Stored items from a collection
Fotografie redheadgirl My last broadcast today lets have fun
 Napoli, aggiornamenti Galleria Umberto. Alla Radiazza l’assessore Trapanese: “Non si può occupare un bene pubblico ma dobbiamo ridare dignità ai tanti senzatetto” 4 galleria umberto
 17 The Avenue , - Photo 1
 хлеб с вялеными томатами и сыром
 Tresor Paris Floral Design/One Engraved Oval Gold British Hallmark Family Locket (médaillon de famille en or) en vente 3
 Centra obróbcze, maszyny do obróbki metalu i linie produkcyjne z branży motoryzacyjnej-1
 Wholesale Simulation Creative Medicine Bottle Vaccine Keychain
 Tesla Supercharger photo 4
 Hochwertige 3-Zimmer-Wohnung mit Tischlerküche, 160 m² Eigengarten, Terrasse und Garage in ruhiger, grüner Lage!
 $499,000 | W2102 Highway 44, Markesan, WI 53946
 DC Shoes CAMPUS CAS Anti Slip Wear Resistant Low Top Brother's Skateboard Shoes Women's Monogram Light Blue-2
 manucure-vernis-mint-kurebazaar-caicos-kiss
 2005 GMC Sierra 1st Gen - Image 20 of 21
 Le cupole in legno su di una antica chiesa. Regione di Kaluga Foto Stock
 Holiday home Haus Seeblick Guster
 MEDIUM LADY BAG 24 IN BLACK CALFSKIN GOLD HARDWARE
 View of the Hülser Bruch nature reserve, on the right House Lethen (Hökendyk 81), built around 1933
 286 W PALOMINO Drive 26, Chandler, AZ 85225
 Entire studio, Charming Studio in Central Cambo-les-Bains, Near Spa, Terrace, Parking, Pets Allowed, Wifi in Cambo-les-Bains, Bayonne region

• Work to complete
Once more, write out the records above, exactly as they stand.

• Solution
Fotografie redheadgirl My last broadcast today lets have fun
 Napoli, aggiornamenti Galleria Umberto. Alla Radiazza l’assessore Trapanese: “Non si può occupare un bene pubblico ma dobbiamo ridare dignità ai tanti senzatetto” 4 galleria umberto
 17 The Avenue , - Photo 1
 хлеб с вялеными томатами и сыром
 Tresor Paris Floral Design/One Engraved Oval Gold British Hallmark Family Locket (médaillon de famille en or) en vente 3
 Centra obróbcze, maszyny do obróbki metalu i linie produkcyjne z branży motoryzacyjnej-1
 Wholesale Simulation Creative Medicine Bottle Vaccine Keychain
 Tesla Supercharger photo 4
 Hochwertige 3-Zimmer-Wohnung mit Tischlerküche, 160 m² Eigengarten, Terrasse und Garage in ruhiger, grüner Lage!
 $499,000 | W2102 Highway 44, Markesan, WI 53946
 DC Shoes CAMPUS CAS Anti Slip Wear Resistant Low Top Brother's Skateboard Shoes Women's Monogram Light Blue-2
 manucure-vernis-mint-kurebazaar-caicos-kiss
 2005 GMC Sierra 1st Gen - Image 20 of 21
 Le cupole in legno su di una antica chiesa. Regione di Kaluga Foto Stock
 Holiday home Haus Seeblick Guster
 MEDIUM LADY BAG 24 IN BLACK CALFSKIN GOLD HARDWARE
 View of the Hülser Bruch nature reserve, on the right House Lethen (Hökendyk 81), built around 1933
 286 W PALOMINO Drive 26, Chandler, AZ 85225
 Entire studio, Charming Studio in Central Cambo-les-Bains, Near Spa, Terrace, Parking, Pets Allowed, Wifi in Cambo-les-Bains, Bayonne region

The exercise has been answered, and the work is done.